You go to certain grocery stores today. Often you go there because they're conveniently located near your neighborhood and this means less time and fuel for you as a consumer. If there were two that were equally distant, but one had better selection or prices or better meat or produce, then you go to the place that features the qualities and quantities that you need.
In a collapse, if prices rise, then people will pay the higher prices, but then they're upset if the price variation exceeds a certain range. Demand drops, particularly since they're been made upset by the merchant and they go to another store.
If no supplies are coming in, then people are willing to pay more for the same goods. Think about seasonal produce like fresh peaches. They're not always available, so prices must be adjusted based upon the demand and the supply of them. If it's a favorable trade, then the consumer adjusts the importance of acquiring them versus the cost of them. Since fresh peaches spoil, a merchant who has too high a price on them will reduce the prices if no volume of them are being sold. This kind of market forces allow for a reasonable price to be found by negotiation between the supplier, wholesaler, retailer, and consumer.
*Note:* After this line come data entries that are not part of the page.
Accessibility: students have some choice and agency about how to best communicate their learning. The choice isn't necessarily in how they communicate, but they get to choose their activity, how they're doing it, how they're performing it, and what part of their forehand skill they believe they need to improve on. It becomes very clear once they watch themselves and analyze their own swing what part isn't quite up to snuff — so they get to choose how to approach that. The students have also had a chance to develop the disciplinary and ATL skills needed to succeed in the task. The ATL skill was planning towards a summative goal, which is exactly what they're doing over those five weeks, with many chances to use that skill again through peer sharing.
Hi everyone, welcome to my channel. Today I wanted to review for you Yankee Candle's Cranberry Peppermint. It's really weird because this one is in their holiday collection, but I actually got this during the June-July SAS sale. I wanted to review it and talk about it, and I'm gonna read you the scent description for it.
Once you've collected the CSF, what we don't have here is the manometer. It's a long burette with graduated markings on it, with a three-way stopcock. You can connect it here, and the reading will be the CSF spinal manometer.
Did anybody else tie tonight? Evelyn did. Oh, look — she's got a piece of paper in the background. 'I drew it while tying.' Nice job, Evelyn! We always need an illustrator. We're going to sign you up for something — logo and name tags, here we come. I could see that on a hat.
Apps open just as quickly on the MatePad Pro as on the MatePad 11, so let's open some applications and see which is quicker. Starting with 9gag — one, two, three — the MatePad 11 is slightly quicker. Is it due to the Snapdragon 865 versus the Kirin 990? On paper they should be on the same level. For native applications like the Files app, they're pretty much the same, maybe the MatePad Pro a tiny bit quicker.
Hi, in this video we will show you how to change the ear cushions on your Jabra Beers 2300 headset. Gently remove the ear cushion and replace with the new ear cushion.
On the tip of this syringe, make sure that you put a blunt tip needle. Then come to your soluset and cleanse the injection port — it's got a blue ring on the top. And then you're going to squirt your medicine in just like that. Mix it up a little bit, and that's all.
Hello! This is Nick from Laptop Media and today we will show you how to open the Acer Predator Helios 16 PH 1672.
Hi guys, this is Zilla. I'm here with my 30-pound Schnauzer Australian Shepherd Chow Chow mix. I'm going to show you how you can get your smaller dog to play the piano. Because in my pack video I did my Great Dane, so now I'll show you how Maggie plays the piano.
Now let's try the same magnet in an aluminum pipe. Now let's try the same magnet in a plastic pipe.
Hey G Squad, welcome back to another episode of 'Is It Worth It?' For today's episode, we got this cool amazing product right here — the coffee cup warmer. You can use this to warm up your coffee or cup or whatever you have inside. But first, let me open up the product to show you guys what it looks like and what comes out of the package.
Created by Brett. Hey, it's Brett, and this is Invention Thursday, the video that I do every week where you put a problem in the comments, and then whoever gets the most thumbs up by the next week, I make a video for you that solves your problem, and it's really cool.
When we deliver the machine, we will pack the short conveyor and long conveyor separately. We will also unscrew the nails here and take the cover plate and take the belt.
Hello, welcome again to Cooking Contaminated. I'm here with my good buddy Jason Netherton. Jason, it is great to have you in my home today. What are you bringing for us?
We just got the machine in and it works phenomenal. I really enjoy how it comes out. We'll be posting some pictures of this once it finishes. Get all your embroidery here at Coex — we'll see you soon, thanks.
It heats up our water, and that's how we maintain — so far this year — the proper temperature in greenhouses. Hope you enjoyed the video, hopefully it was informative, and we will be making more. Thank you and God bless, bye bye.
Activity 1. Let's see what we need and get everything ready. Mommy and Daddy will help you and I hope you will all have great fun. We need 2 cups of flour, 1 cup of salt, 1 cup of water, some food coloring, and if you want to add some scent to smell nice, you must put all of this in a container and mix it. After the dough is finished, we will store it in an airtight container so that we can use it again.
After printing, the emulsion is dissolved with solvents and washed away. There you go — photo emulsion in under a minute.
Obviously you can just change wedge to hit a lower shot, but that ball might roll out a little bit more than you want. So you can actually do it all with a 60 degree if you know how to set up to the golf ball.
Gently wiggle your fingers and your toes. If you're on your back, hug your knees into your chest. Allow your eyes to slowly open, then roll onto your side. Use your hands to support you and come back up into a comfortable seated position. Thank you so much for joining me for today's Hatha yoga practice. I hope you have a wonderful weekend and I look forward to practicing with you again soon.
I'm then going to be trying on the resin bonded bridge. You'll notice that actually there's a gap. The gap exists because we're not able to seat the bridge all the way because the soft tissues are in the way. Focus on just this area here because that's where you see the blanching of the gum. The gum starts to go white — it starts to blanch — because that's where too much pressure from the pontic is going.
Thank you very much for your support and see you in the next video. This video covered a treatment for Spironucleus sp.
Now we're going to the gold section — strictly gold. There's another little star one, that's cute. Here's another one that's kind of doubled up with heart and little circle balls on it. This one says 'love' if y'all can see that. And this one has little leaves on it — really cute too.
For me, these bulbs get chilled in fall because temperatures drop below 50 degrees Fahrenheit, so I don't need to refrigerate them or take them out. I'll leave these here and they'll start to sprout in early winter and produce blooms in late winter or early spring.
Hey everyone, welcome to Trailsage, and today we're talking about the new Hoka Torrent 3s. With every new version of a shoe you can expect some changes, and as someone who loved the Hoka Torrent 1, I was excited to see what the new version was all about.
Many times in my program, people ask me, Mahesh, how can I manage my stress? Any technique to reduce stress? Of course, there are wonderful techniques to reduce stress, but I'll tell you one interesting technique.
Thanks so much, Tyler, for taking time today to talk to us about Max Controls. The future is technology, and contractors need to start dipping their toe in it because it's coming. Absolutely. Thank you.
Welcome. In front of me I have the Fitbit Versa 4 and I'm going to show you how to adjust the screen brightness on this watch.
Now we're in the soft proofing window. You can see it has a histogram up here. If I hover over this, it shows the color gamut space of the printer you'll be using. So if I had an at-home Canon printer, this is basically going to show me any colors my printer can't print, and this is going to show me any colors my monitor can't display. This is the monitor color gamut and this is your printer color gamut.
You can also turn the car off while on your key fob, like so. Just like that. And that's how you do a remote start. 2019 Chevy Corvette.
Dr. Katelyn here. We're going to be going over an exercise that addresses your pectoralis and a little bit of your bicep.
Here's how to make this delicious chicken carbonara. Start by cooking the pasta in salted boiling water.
Yes, hotel prices might go sky high in a disaster, but then maybe they have a very small percentage of rooms occupied during the period or later when no one has money for them. Since an owner must still pay for utilities, employees, and advertising, then they adjust the price based upon the ability for them to make a profit. In an economic crisis, it's very possible that there's a very slim window to make money at all, for maybe once it happens, it ultimately ruins the merchant within a few months. In a disaster, there's not exactly a lot of incoming travelers visiting the area for sight-seeing, is there? The only niche markets for them are journalists and government workers visiting the area.
Here's how it could become very worrisome. In an economic collapse, the competition between merchants will become very strained. Some merchants may not have ways to sell their goods. Others can't get supplies. Others have no employees because they can't pay their salaries. This reduces competition to the degree that monopolies are created. If there's a monopoly on fuel, then a merchant can set the prices as high as they want, and only leadership can step in to limit their profit by creating a restriction, imposing limitations, disallowing government contracts, regulating trade, etc.
However, if there's no competition, usually some merchant will attempt to go into business since they see an opportunity. They'll begin to network to find suppliers, wholesalers, transporters, and then market their goods to the consumer. Sometimes this lowers prices., it depends upon supplies and inflation.